• **Study material**
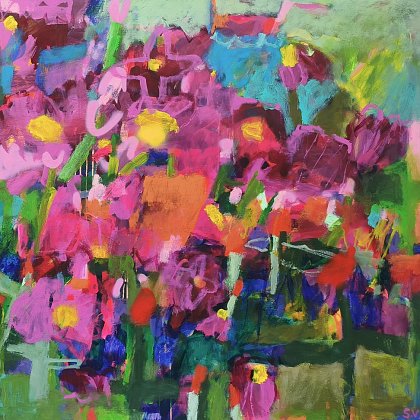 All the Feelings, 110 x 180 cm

...

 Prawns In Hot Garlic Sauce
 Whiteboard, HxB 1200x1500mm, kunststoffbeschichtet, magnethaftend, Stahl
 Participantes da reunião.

• **Try it**
Using the data above, repeat exactly the lines that begin at the line with "Prawns In Hot Garlic Sauce" and end at the line with "Participantes da reunião.", both ends included.

• **Solution for this exercise**
 Prawns In Hot Garlic Sauce
 Whiteboard, HxB 1200x1500mm, kunststoffbeschichtet, magnethaftend, Stahl
 Participantes da reunião.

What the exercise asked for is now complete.